Just a quick recap In the first chapter, we learned Arthur Samuel mentioned the following:

Samuel said we need an automatic means of testing the effectiveness of any current weight assignment in terms of actual performance. In the case of his checkers program, the “actual performance” of a model would be how well it plays. And you could automatically test the performance of two models by setting them to play against each other, and seeing which one usually wins. Finally, he says we need a mechanism for altering the weight assignment so as to maximize the performance. For instance, we could look at the difference in weights between the winning model and the losing model, and adjust the weights a little further in the winning direction.

image

And the book mentions:

Neural networks - a function that is so flexible to be used to solve for any given problem SGD - a mechanism for automatically updating weight for every problem

The whole training loop of any ML task:

image

This week in the group we were looking more into Second half of Chapter 4 which covers the gradient descent, specifically stochastic gradient descent. As a whole the week 5 was pretty code intensive and let’s looks the whole things covered this week section by section from middle of chapter 4.

image

Since last week covered we checked how to classify 3s and 7s with pixel similarity. I was trying to classify and do all the steps using the full MNIST dataset which can be found in this Kaggle notebook.

I am sharing rough notes of each section for a better clarity, for me on what we covered in each section of Chapter 4:

Stochastic Gradient Descent

It consists of seven steps:

  • Initialize
  • Predict
  • Loss
  • Calculate gradient(weight assignment)
  • Step (repeat forever)
  • Stop

Calculating Gradients

Stepping with a learning rate

End to End SGD

The MNIST Loss Function

  • In Pytorch, there view function(-1, 28*28), to convert a rank3-tensor(matrix) to rank-2 tensor(vectors).
  • Took training and valdataion_dataset
  • Used it with a model, initialized by init_params() for weights and bias which are parameters in ML model.
  • We used a linear model
def linear1(xb):
  return xb@weight + bias

Then used mnist_loss() function which is calculation difference with loss and targets

Sigmoid function

  • made predictions of our function smoothen b/w vlaue 0 and 1 with sigmoid in mnist_loss()

SGD and mini batches

DataLoader can take inputs and split inputs to small batrch to process things in GPU memory.
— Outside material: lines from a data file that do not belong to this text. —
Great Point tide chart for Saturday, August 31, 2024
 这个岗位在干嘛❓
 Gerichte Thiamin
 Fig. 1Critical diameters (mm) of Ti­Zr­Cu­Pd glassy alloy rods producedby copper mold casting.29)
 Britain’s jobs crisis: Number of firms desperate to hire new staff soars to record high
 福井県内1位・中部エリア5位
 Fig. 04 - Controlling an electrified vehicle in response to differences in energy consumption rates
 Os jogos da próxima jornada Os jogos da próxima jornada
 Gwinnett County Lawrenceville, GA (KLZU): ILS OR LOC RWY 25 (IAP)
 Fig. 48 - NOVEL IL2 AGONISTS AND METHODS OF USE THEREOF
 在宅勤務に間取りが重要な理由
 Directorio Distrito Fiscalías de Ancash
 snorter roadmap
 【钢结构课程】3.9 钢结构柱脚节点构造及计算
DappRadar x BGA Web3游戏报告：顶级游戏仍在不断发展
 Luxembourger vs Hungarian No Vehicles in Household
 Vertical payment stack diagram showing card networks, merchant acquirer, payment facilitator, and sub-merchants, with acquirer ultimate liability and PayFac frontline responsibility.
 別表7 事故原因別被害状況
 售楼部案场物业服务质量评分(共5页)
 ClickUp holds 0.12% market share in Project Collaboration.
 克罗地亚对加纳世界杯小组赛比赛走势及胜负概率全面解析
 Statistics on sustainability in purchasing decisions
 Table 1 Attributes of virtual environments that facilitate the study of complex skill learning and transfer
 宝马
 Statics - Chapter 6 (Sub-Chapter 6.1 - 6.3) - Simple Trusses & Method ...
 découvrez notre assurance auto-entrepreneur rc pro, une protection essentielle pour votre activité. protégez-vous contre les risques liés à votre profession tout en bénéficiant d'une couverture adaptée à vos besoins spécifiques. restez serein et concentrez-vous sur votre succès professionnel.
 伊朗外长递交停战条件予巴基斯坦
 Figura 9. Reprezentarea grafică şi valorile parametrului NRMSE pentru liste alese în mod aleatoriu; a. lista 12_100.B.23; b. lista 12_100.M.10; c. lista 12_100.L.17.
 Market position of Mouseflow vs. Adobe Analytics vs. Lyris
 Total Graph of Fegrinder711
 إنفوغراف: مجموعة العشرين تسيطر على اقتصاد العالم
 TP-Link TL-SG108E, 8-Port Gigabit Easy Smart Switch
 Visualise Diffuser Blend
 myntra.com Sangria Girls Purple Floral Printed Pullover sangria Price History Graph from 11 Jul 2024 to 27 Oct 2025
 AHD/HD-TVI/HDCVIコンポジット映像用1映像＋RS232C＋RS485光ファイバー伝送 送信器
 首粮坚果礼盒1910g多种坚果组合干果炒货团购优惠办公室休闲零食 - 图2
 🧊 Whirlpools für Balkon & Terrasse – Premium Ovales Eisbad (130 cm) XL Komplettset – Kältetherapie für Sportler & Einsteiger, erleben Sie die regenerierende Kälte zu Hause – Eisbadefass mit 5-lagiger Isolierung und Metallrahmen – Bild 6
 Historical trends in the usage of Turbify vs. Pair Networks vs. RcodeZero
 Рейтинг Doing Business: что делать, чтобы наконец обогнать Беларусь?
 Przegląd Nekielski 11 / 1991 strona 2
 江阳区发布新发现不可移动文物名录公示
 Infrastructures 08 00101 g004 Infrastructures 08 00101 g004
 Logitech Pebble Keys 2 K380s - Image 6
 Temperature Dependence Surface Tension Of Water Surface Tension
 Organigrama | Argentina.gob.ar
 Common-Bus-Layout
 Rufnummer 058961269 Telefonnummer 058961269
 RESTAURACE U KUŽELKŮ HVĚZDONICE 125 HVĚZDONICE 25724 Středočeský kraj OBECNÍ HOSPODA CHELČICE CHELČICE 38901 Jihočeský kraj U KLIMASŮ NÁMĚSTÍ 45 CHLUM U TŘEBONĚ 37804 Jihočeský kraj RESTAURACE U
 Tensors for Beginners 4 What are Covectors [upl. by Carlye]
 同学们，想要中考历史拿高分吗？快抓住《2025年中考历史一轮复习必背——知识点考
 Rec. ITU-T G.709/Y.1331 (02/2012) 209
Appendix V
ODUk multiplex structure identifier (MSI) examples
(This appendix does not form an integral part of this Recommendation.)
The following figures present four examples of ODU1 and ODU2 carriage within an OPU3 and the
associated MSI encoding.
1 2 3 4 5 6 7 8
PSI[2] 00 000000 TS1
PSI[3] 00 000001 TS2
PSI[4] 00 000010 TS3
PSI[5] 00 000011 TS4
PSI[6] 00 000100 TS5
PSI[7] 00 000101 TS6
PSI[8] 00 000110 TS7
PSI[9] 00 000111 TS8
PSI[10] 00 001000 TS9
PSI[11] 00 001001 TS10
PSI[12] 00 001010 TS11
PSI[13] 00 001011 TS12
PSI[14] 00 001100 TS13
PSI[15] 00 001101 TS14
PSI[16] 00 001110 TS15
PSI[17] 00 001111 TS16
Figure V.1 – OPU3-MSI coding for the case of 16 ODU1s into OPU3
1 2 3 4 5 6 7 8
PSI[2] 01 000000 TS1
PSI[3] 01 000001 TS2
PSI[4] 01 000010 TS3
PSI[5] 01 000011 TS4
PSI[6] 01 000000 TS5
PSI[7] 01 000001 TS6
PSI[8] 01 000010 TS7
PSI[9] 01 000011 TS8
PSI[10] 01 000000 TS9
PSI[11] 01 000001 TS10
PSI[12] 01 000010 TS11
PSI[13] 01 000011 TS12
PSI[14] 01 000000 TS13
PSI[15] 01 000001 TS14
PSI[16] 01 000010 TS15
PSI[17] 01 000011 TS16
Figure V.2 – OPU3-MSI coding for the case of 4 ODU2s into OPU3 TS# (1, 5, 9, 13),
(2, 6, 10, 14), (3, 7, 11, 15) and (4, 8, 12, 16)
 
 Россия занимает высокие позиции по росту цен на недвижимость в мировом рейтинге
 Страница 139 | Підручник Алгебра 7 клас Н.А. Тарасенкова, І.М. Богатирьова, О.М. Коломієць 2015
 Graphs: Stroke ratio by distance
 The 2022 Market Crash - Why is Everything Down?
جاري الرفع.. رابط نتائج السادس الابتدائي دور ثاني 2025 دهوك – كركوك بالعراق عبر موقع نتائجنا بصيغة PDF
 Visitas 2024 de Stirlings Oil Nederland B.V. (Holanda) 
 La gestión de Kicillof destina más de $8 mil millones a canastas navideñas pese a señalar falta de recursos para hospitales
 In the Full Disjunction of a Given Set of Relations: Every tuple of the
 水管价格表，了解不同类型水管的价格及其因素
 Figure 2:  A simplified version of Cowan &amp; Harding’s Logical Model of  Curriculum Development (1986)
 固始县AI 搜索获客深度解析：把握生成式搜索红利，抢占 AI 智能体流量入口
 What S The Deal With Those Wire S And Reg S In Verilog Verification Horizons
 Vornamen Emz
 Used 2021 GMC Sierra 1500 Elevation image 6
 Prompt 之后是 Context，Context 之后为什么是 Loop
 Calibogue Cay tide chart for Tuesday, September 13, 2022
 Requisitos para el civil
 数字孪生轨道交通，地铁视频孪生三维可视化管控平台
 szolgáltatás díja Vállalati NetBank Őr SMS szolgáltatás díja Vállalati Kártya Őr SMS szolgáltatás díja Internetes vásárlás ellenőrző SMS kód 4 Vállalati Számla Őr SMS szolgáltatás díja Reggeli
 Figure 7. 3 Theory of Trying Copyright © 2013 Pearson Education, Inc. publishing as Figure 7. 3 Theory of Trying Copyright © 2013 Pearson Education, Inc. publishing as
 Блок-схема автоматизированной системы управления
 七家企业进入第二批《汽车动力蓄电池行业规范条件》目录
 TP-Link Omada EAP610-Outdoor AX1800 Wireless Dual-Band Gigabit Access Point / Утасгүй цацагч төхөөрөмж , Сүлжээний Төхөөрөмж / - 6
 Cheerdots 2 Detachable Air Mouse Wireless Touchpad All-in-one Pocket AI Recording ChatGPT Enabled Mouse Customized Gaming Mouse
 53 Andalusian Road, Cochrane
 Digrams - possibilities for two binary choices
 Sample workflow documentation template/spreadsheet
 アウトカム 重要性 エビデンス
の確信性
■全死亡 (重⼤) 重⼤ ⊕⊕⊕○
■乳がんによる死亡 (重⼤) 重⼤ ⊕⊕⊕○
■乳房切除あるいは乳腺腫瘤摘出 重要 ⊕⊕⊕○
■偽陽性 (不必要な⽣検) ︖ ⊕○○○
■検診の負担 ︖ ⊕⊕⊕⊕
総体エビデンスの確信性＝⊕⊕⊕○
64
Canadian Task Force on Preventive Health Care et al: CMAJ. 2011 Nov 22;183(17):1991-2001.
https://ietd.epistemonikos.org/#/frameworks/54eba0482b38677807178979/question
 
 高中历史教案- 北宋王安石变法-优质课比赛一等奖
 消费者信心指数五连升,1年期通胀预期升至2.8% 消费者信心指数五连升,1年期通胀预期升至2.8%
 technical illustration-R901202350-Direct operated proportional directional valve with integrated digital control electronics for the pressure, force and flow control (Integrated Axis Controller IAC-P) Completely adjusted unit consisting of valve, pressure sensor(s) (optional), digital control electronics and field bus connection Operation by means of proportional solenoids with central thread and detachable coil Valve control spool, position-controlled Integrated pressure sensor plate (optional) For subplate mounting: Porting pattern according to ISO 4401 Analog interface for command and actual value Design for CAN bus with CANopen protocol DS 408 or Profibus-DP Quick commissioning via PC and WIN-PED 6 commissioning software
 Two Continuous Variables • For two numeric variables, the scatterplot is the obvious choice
WHole dataset need not always fit in memory

Putting it together

-We are implementing gradient descent algorithm(7 steps here)

  • call init_params, define train_dl and valid_dl, calculate the gradients(calc_gradients)
  • Then train_epoch
  • batch_accuracy
  • validate_epoch

finally 96% acuracy

Creating an optimizer

  • Used Basic Optim Class maethod
  • modified training_epoch function
  • new train_model func()

Got 97% accuracy

Using a non-linearity

  • Use an optimizer like relu
  • Use a Learner, more accruacy imporvement

In the book after this step got 98.2%

Going Deeper

dls = ImageDataLoaders.from_folder(path)
learn = cnn_learner(dls, resnet18, pretrained=False,
                    loss_func=F.cross_entropy, metrics=accuracy)
learn.fit_one_cycle(1, 0.1)

got 99% accuracy

After the lesson, I tried answering the questionnare at the end of chapter and I scored: 20/37. I wanted to just turn up this week by writing this blogpost.

There are 2 types of people. Players and commentators. Players don’t stop playing to listen to the commentators. They just play their game.

  • Prashant Choubey